A generic call wrapper built on std::invoke accepts any callable without special-casing pointer-to-member:

cpp

Godbolt

template <typename F, typename... Args>
auto call(F&& f, Args&&... args)
    -> std::invoke_result_t<F, Args...>  // C++17
{
    return std::invoke(std::forward<F>(f), std::forward<Args>(args)...);
}

Best Practices

Use std::invoke in generic code. Any template that accepts a callable should invoke it via std::invoke rather than callable(args...). Pointer-to-members are not directly callable with (), so code that omits this will silently reject them.

Use using aliases for complex types. Pointer-to-member type syntax becomes unreadable with const, noexcept, or ref-qualifiers attached:

cpp

Godbolt

// Readable:
using EventHandler = void (EventLoop::*)(int fd, uint32_t events);

// Unreadable at scale:
void (EventLoop::*handler)(int fd, uint32_t events) = &EventLoop::on_readable;

Understand the conversion direction. Pointer-to-member conversion is contravariant on the class: a Base::* converts implicitly to Derived::*, which is the reverse of what regular pointers do. This is correct — a derived object has all base members, so a pointer-to-base-member can be applied to a derived object:

cpp

Godbolt

struct Base    { int x; };
struct Derived : Base { int y; };

int Base::*    bx = &Base::x;
int Derived::* dx = bx;        // implicit: Base::* → Derived::* ✓
// int Base::* bx2 = &Derived::y; // error: Derived::* → Base::* is not implicit ✗

Common Pitfalls

Forgetting parentheses around .* expressions. The .* and ->* operators have lower precedence than the function call (). Without parentheses, obj.*fn(arg) parses as obj.*(fn(arg)) — a type error at best, silent misparse at worst. Always write (obj.*fn)(arg).

Assuming pointer-to-member is a pointer. It is not. It cannot be stored in void*, printed as an integer address, or cast to uintptr_t. Its size is implementation-defined and may exceed sizeof(void*), particularly in the presence of virtual functions or multiple inheritance, where the implementation may need to store a vtable offset alongside the function pointer.

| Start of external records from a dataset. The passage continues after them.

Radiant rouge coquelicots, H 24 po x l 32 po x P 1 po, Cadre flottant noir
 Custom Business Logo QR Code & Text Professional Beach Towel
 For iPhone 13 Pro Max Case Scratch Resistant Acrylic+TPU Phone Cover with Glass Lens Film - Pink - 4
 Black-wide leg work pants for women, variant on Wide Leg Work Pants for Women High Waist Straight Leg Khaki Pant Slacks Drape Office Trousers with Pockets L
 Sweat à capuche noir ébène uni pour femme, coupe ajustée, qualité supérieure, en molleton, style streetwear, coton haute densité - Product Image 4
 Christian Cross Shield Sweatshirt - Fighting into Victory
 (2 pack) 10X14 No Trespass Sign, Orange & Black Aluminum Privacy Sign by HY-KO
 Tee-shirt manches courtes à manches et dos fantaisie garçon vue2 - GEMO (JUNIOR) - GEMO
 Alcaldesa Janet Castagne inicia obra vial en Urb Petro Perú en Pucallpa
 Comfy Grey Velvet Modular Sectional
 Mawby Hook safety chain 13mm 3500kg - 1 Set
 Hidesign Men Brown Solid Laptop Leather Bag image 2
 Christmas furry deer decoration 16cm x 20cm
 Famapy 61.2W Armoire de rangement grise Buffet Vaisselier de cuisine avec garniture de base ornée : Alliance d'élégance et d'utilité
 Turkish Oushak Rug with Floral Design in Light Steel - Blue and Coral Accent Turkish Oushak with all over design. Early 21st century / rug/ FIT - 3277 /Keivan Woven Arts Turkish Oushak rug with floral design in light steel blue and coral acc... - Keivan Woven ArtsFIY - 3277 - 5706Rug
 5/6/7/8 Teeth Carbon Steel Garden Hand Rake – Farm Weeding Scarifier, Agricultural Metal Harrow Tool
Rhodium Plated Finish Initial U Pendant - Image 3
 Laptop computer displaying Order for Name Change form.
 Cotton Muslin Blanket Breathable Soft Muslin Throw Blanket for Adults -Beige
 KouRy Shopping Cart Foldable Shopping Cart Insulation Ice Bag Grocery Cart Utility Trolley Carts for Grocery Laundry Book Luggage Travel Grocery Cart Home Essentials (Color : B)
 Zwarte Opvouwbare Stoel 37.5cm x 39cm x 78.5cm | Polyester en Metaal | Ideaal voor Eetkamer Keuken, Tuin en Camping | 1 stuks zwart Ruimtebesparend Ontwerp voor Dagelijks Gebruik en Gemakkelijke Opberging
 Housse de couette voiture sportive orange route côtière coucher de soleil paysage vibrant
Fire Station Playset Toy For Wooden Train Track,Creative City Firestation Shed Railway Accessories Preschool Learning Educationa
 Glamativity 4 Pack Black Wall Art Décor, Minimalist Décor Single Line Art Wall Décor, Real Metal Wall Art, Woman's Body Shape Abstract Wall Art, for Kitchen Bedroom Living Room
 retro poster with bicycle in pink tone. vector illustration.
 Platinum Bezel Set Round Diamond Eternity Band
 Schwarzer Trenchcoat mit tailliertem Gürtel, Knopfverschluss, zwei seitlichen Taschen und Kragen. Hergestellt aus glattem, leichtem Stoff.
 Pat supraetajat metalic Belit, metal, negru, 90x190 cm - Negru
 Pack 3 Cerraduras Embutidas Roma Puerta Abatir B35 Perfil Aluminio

Calling through a null pointer-to-member. Undefined behavior, the same as any null dereference:

cpp

Godbolt

CmdFn fn = nullptr;
(cmd.*fn)();  // undefined behavior

Ignoring cv-qualifiers on member function types. A const member function has a distinct pointer type. Assignment across the qualifier boundary is a compile error:

cpp

Godbolt

struct Foo {
    int  get() const;
    void set(int);
};

int (Foo::*pg)() const = &Foo::get;  // ok
// int (Foo::*ps)() const = &Foo::set;  // error: set is not const-qualified

Taking the address of a static member function. This is a compile error. Static members are not instance-bound; use a plain function pointer instead.